Frida, Meksikalı sürrealist ressam Frida Kahlo’nun sanat ve yaşam hikâyesini konu alan 2002 yılında çevrilmiş biyografik dramadır. Meksika’nın en ünlü ressamları olarak tanınan Frida Kahlo ve eşi Diego Rivera’nın çok katmanlı yaşamlarını başarılı şekilde ele alan film 6 dalda Akademi Ödülü’ne aday olmuş ve makyaj ve özgün müzik dalında 2 Oscar kazanmıştır.

Museo

Müze, 1985 yılında Mexico City’deki Antropoloji Müzesi’nde yaşanan soygunu konu ediyor. 30’lu yaşlarında olan Juan ve Benjamin, hala okul hayatından kurtulamamıştır. Yıllardır devam ettikleri veterinerlik okulunu bitiremeyen ikili ailelerine bağımlı bir şekilde yaşamaya devam eder. Fakat bir Noel akşamı artık hayatta tek başlarına bir şeyler yapmaya karar verirler. İkilinin aklında ise Meksika’nın ünlü antropoloji müzesini yağmalama fikri vardır.
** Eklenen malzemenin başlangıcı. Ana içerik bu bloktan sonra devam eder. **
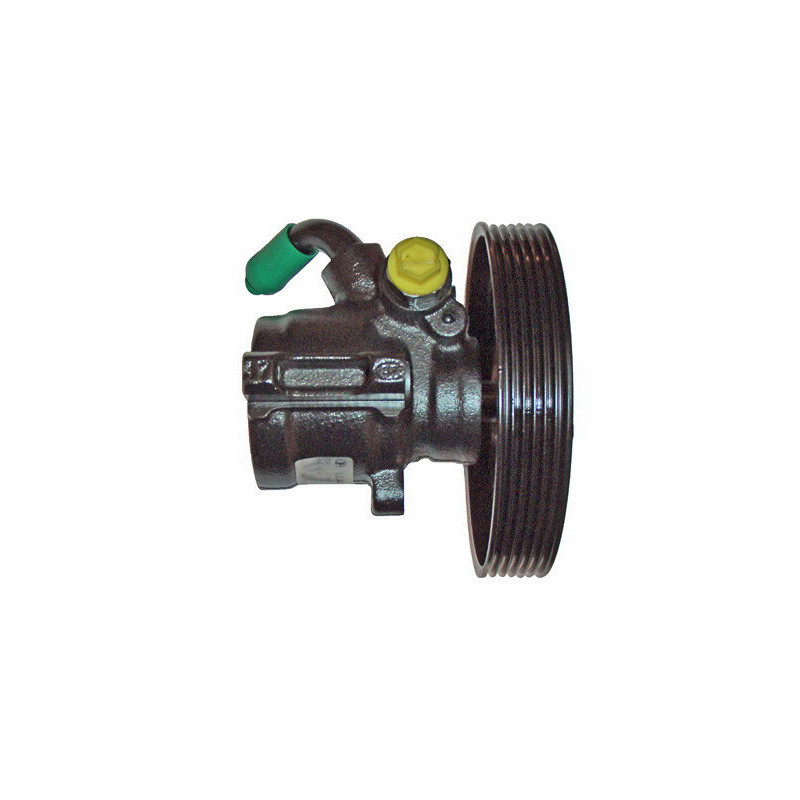 Pompe hydraulique (direction) LIZARTE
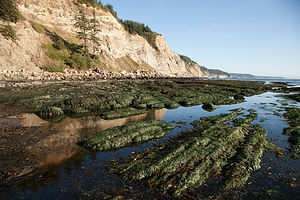 South Cove Beach at Cape Arago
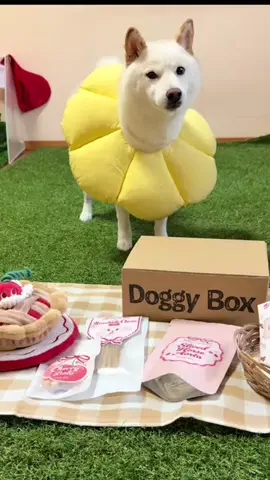 Shiba lnu こはくのTikTok投稿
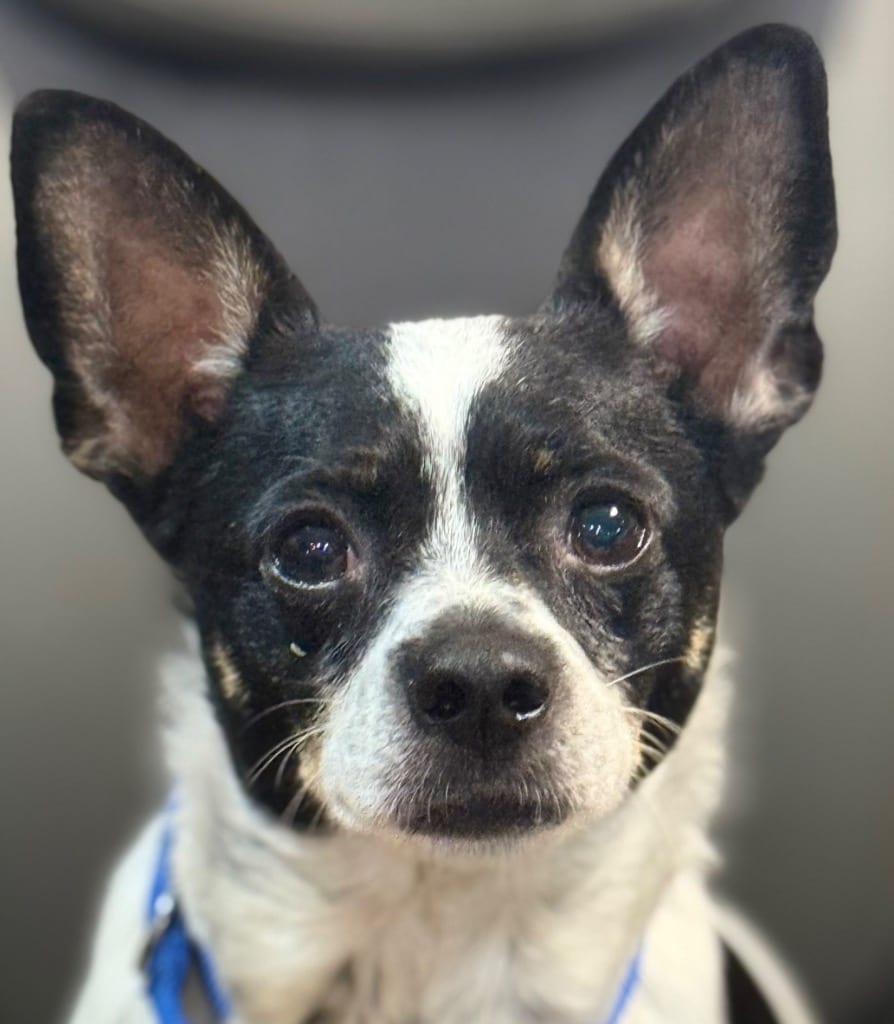Photo of Peabody, adoptable Rat Terrier in Crossville, Tennessee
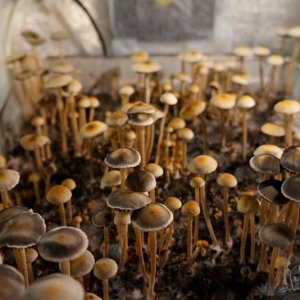 Panaeolus Cyanescens Jamaica в гроубоксе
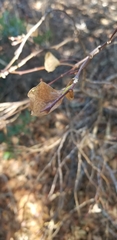 Dirca occidentalis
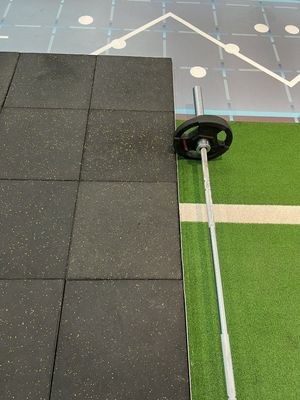 20mm Premium Fleck Rubber Gym Flooring Tile with Vibrant Seahawk Fleck Design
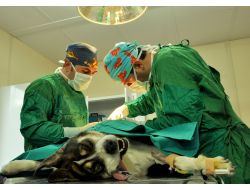 Karnından 13 Tümör Alınan Köpek Sağlığına Kavuştu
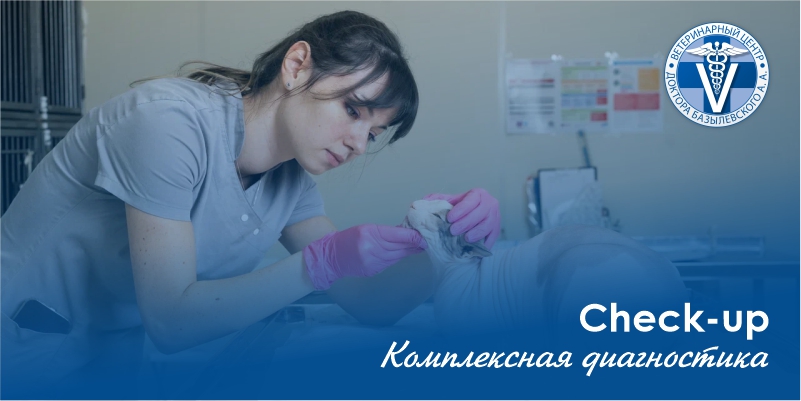 kompleksnaya-diagnostika-domashnih-zhivotnyh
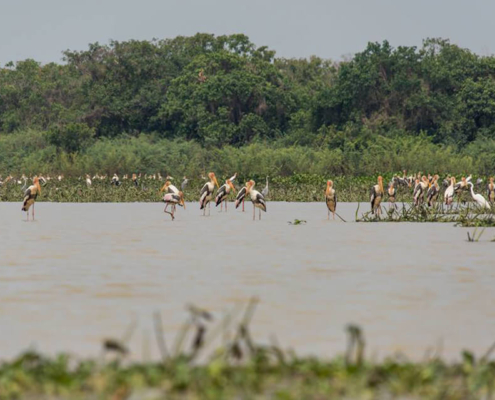 Boeng Peariang Bird Sanctuary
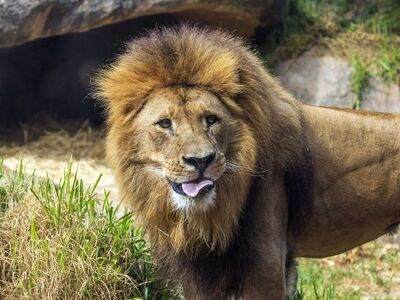 lion, pet, predator, zoo, cat, tongue, pride, savannah, mane, wild, carnivore, big cat, africa, animal, feline, animal portrait, wildlife, tusked, biotope, nature, large head, waterhole, nature reserve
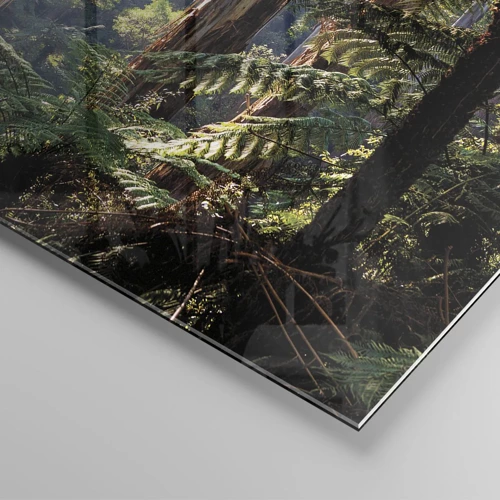 Glasbild - Bild auf glas - Ein Waldmärchen - 70x100 cm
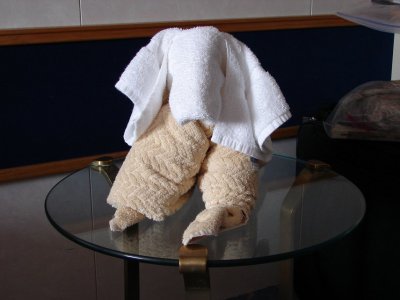 towel_animal2.jpg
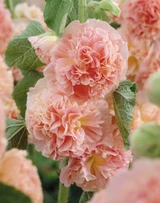 Alcea Peaches 'n Dreams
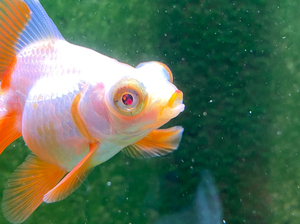 十二红蝶尾金鱼 宝石眼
Juan ve Wilson, buradaki değerli tarihi eserleri ve özellikle de Kral Pakal’ın cenaze maskesini çalmayı amaçlar. Aileleri Noel’i kutladığı sırada onlar tecrübeli suçlular gibi işlerinin başına geçer. Planları kusursuz olarak işler ve çantalarının değerli eşyalarla doldurarak kaçmayı başarırlar. Fakat her şey durulduğunda giriştikleri işin asıl öneminin ne olduğunu anlarlar. Gerçek olaylardan esinle yola çıkan ve tamamına yakını olayların yaşandığı gerçek mekanlarda çekilen Müze’nin yönetmen koltuğunda Alonso Ruizpalacio oturuyor.

El Infierno

Benjamin Garcia -El Benny- ABD’den sınırdışı edilir ve uyuşturucu kartellerinin yarattığı şiddet ortamında zor günler geçiren Meksika’ya döner. El Benny de narko-ticaret işine girer ve burada hızla yükselir. Hayatında ilk kez, başarı, para, kadınlar ve eğlence ile bu denli iç içe olan ve şiddeti bu kadar rahat kullanan El Benny’nin suç dünyasında verilen sözlerin tutulmadığını öğrenmesi için çok zaman geçmeyecektir. Bu muhteşem kara komedi hemen herkesin sorduğu bir soruyu yanıtlamaya yardımcı olacak nitelikte: Meksika’da neler oluyor?